### Your objective:
Range to output from the entries below: the line containing "Under Armour Black Low-Top Training Sneakers" through the line containing "Used Leapmotor C16". Set it down exactly, ends included, nothing else.

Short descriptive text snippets

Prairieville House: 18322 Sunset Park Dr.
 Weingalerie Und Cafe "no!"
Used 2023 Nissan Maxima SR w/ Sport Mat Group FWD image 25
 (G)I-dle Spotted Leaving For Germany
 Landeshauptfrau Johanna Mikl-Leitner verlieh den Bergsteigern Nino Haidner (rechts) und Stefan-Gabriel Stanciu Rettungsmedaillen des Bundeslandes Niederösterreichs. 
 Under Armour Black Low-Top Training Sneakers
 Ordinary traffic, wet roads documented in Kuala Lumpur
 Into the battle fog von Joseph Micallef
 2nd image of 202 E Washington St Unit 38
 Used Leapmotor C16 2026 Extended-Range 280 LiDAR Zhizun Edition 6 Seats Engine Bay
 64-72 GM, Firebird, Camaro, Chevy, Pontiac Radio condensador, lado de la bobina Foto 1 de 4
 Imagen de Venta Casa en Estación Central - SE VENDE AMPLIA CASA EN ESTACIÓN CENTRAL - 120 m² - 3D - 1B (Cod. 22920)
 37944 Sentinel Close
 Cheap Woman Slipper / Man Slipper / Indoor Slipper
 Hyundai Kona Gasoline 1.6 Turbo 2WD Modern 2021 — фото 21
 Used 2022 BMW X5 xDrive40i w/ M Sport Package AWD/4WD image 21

### Task response:
 Under Armour Black Low-Top Training Sneakers
 Ordinary traffic, wet roads documented in Kuala Lumpur
 Into the battle fog von Joseph Micallef
 2nd image of 202 E Washington St Unit 38
 Used Leapmotor C16 2026 Extended-Range 280 LiDAR Zhizun Edition 6 Seats Engine Bay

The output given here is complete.